During the Senate Rules Committee hearing about the Parents Bill of Rights, Democrat state Sen. Julie Mayfield said children face “withering inquisitions from parents” about their gender confusion, painting parents as berating outsiders instead of concerned family members. Senators were asked by activists to trust schools as secret keepers of “affirming spaces” and that asserted any attempt for parents to be informed about pronoun changes was “policing queerness.”
Sen. Amy Galey, the Republican bill sponsor, reminded attendees that SB 49 makes provisions for rare instances where children might be subject to abuse if parents learn about their child’s chosen identity. But that provision wasn’t quite enough to satisfy anti-parental rights activists, who want parents left out in the cold while school employees usurp the moral and emotional guidance of other people’s children.
In the last two months, there have been 13 documented sex crimes by North Carolina school employees, one charge for larceny, four for assault, one for being drunk while teaching, and another for child pornography. Considering the number of crimes, with the majority being sexual and assault charges, the school system and their activists are in no position to claim moral authority over parents. In fact, between the sexual assault by school employees, the bullying, violence, and drug use, it seems schools are one of the least safe spaces for children.
Speakers in favor of SB 49 gave shocking examples of why transparency is needed, detailing graphic sexual storylines in books offered in schools and gender confusing books aimed at kindergartners.
A retired Orange County school teacher of 16 years said in a statement to the committee, “these books in media center would make grown people blush… We are supposed to protect our children, not harm them.” She added that being asked to use alternative pronouns contributed to her decision to retire early.

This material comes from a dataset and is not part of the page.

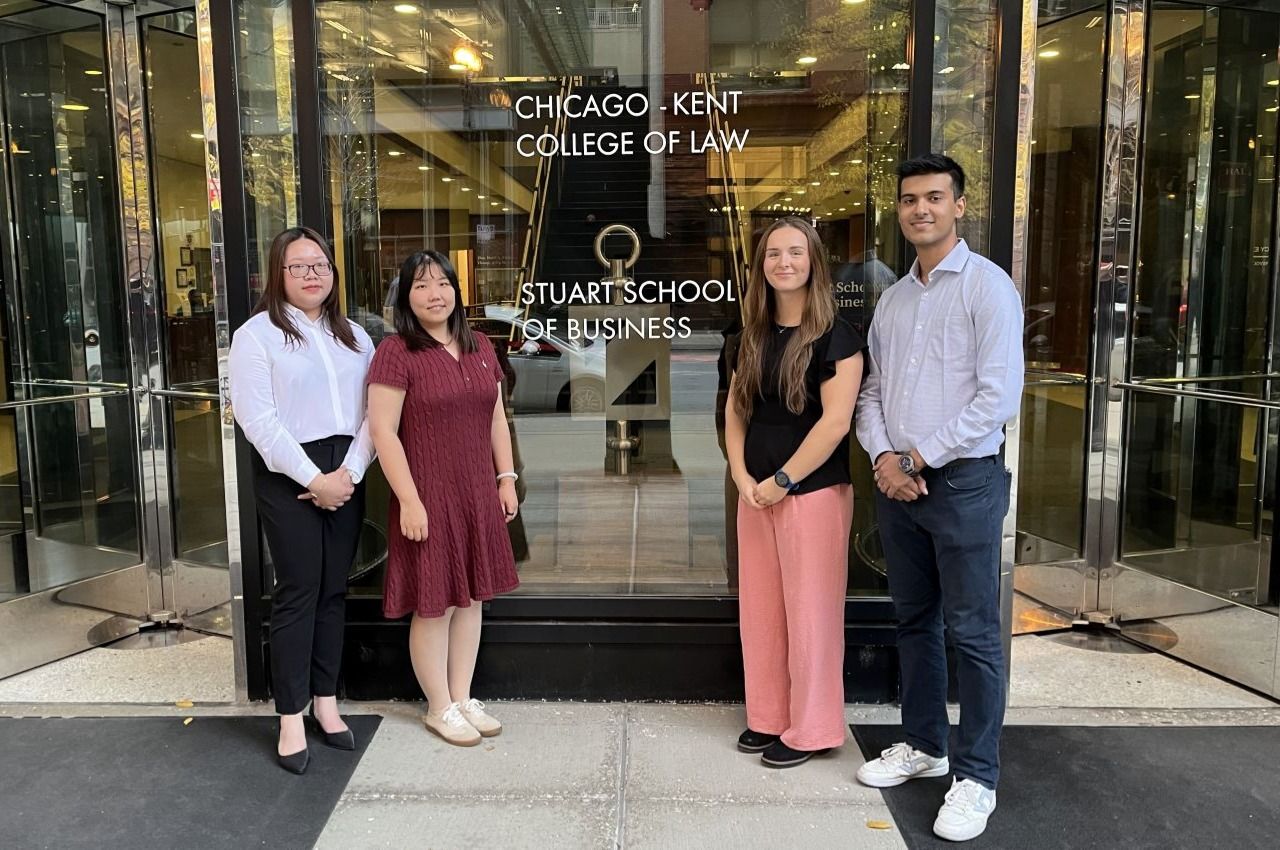 (From left to right) Team members My Thao Doan Pham, Siyuan Wang, Nicole Kadziola, and Elton Thomas stand outside of Stuart School of Business at the Conviser Law Center..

NC Values Coalition executive director Tami Fitzgerald told the committee that Charlotte Mecklenburg School District started using “Welcoming Schools” in 2016, a teacher development program directing teachers to incorporate sexual orientation and gender identity into lesson plans.

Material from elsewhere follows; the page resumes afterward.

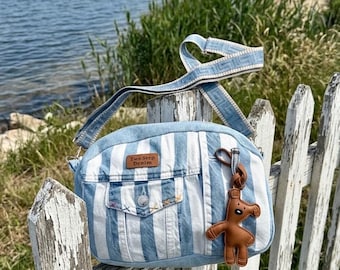 May include: A light blue and white striped denim crossbody bag featuring a front pocket with a button, a brown leather-like tag labelled Two Step Denim, and a brown dog-shaped charm attached to the side. It has a matching patterned shoulder strap.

Sen. Amy Galey has been the “mom representative” for many — she speaks on behalf of most moms in the state. Very plainly, Galey said in a press conference, “It baffles me to think that this bill could be divisive, quite frankly. I cannot understand why it would be controversial to say that children 5-6-7-8-9 years old should not be taught about sexuality or sexual activity in a public school classroom.”
The campaign to shut parents out while school administrators provide pornography, keep secrets, and indoctrinate children is indeed baffling. It’s especially troubling that the pattern follows grooming tactics, which include gaining access, trust development, isolating children from parents, and desensitizing children to sexual material by slowly exposing it to them. If you reference the Pavement Education Project’s website you can see examples of pornography and books on gender ideology by county and school in North Carolina. As one speaker put it, there is no academic value in teaching children about gender fluidity or showing them sexually explicit material. Schools should stick to academics and leave cultural issues to the family.
None of this happens suddenly; it’s been a slow drip of agenda-driven curriculum brought to parents’ attention largely during COVID shutdowns. The activists paint themselves as victims of parents who are in the wings, waiting to violently abuse their children because of gender confusion. Teachers who spoke positioned themselves as necessary parental surrogates, the first adults who should rightfully respond to students’ personal struggles. The character assassination of parents is simply a way to gain exclusive access to children, cutting out parents to influence an agenda.
Thankfully, the Senate passed S.B. 49. As the House considers a response, I hope members will consider the harmful toll educational agendas have taken on our children. While test scores continue to fall, mental health problems and gender confusion continue to rise. Schools are failing in their mission to provide a solid education that will prepare students to become productive, educated members of society. They should leave moral and personal matters to families.